First, we’d already questioned the strength of the competitive moats for companies building AI models. This latest news suggests those moats may not be that strong after all.
Second, regarding the computer chips used to train and run AI models, there may be a larger market for lower- or mid-tier chips than previously thought. For instance, the industry’s most advanced GPUs (the most general and high-powered AI chips), such as those made by Nvidia, have been in high demand for the intensive computing needed to train next-generation AI models. However, due to the efficiency of DeepSeek’s methodology, it’s possible that forthcoming generations of models could be trained with ASICs (less flexible and cheaper chips). While predicting the future sales trajectories of leading semiconductor companies remains incredibly challenging, there’s a growing possibility of a demand “air pocket” for high-end chips in the near to medium term.
Third, for several quarters, the markets have had their eyes acutely trained on the capital expenditure plans of the Magnificent Seven, which have been spending tens of billions of dollars each on AI. Does more efficient AI training mean they might be able to reduce that spending going forward? Or will they still spend the same amount but aim to get even more bang for their buck? How much of what they’ve spent so far or are planning to spend will end up being wasted?

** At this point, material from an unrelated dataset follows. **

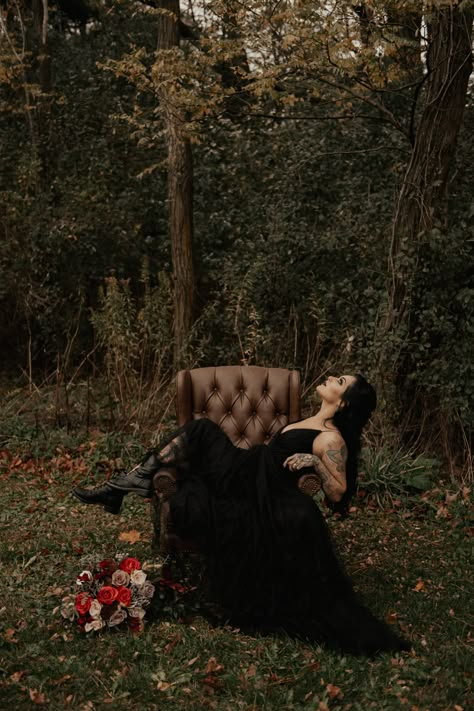 Witchy Fall Wedding, Vampy Wedding, Haunted Wedding, Witchy Photoshoot, Spooky Photoshoot, Spooky Shoot, Dark Romantic Wedding, Halloween Photo Shoot, Chris Cerulli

The Good, the Bad, and the Ugly
What does this mean for various players in the industry?
Overall, the segment that has emerged at the top of the heap is the software makers. These companies will build on top of AI models to deliver more efficient services for their customers. The cheaper the AI models and associated computing costs, and the more affordable they can make their services for users, the faster AI can gain traction for actual end use cases.
Chipmakers also came into focus. While we recognize the risk of a shift in demand away from the high-end chips, we also note that the demand for computing power has consistently grown over the decades, not just because of AI in recent years. We expect this long-term trend in global computing usage and chip requirements to continue.
Doubts emerged early as to what this would mean for data center operators, since new models will be more efficient and require fewer computing resources. However, to the extent this is offset or overwhelmed by an increase in AI workloads, data center operators will still benefit.
Some of the worst-hit stocks following the DeepSeek news were utility companies and those involved in building the electrical infrastructure needed for the future. AI and other data centers are key drivers of power demand in the coming decades. Yet even before DeepSeek R1’s launch, it was widely acknowledged that dramatic efficiency gains in the AI space would be necessary and were expected in the coming years. This is just one example of such a development; we’re counting on more over time. Considering this and the other drivers of future electricity demand, we retain a positive outlook on long-term demand growth for the utility sector.
More AI Milestones
While the markets reacted with trepidation to DeepSeek’s news—particularly given that it was a Chinese competitor potentially capable of going toe-to-toe with US and European AI players—we’re happy to see more innovation and development in AI technologies.
Further improvements are needed—the better and cheaper we can make these technologies, and the more economically viable their applications become, the faster the industry can grow. This, in turn, can have a significant impact on productivity growth and improving society’s standard of living.
We’re watching for the next big development, positioning ourselves in the stocks that we think have the most potential to harness AI’s value. What’s more, we’re looking forward to additional market turbulence that may present opportunities to reweight our portfolios to take advantage of other investors’ fears.